Now, I’m not being judgmental here. You can indulge in all of the above and more if you like, as long as you know the costs and aren’t hurting anyone else.

Let’s use a heroin-addict as an extreme example.

Is heroin the healthiest thing someone could put in his or her body?

Certainly not.

But if this person isn’t hurting you or anyone, and they chose to put heroin in their body, that’s their choice. Let them be, let people be free to make their own decisions. Sure, if you are directly affected by this persons actions, care about them significantly or are in a position where you hold a duty of care for their well being, advising them to seek help is both noble and acceptable.

A problem only arises, if someone is blatantly lying to our hypothetical heroin-user and telling them that it won’t harm them. As long as you are aware of the truth and the potential consequences of your actions, then that’s what really matters.

So if a prep-coach is telling you that bodybuilding prep is the best way to get you healthy, they are lying and that’s wrong.

But if you understand that a bodybuilding prep is potentially momentarily costly to your health but you weigh-up the pro’s and con’s a determine it is still worth the health cost to you, then that’s completely fine.

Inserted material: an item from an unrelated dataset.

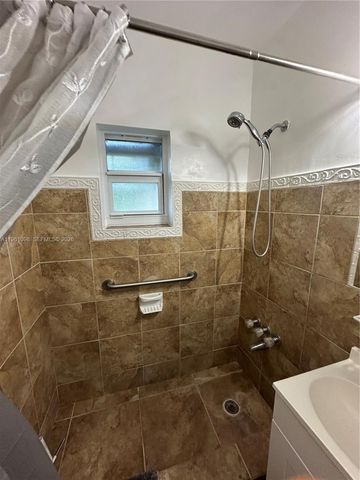 200 W 53rd Ter, Hialeah, FL 33012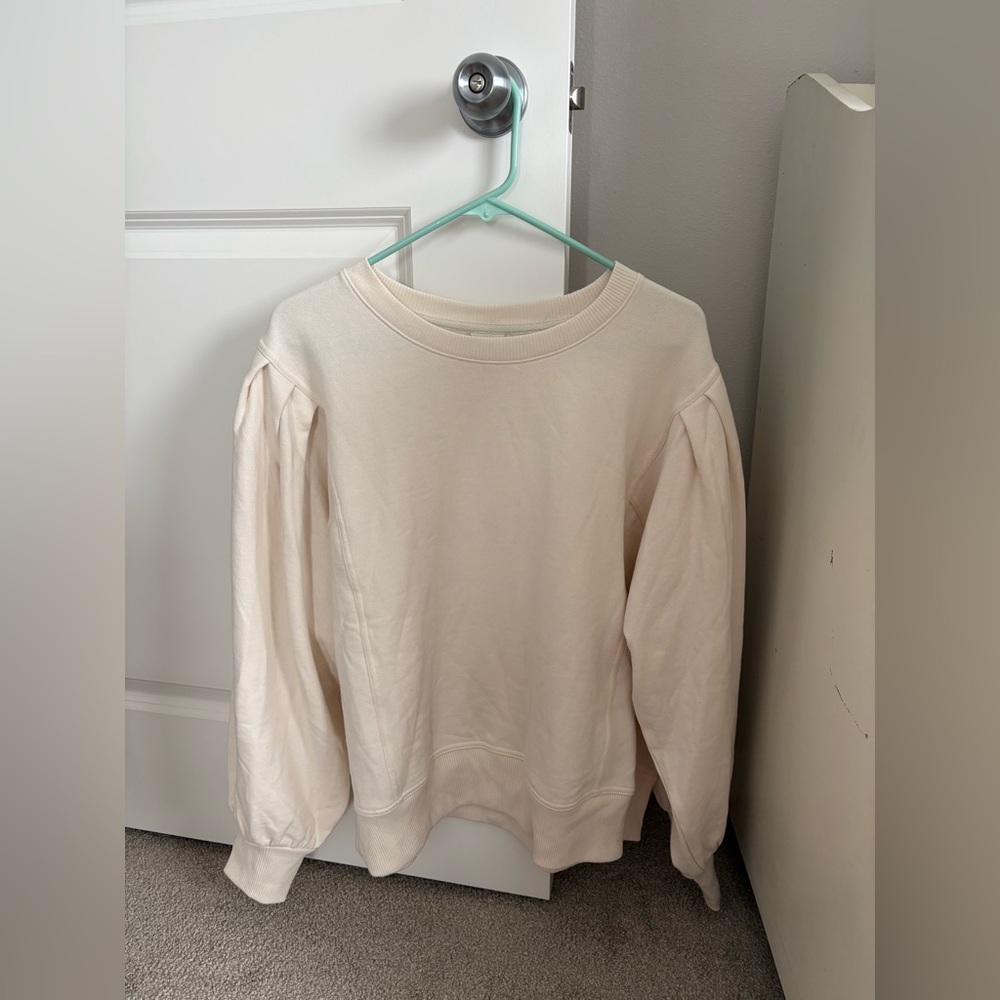🌺 A New Day Cream Sweatshirt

And that’s it. The only person it should matter to is you.

Therefore, if it’s not you competing or trying to push your body to the limit in some other physical endeavour, zip it.

It’s not affecting you.

If you want to do cross-fit and you don’t expect it to make you look like a bodybuilder, then that’s fine, do cross fit.

On the other hand, if you’re a cross-fit coach and you’re giving out false promises and lying to people, saying that cross-fit is the best way to get strong or shredded, I take issue with that.

I take issue with people using deception, not the actual choices people make if they are an informed consumer.

I’ll say it one more time…

Let people make their own choices, because it really doesn’t matter to you or your life at all. Seriously.

Let people do their own thing, keep your negative comments to yourself and #VOTEYES…

Let people be happy, it’s not hurting you.

What is ‘good’ for you is your choice.

Health is dynamic and takes on a different meaning for everyone. Whether someone chooses to be unhealthy is a matter for them to decide, not for you to judge and critique!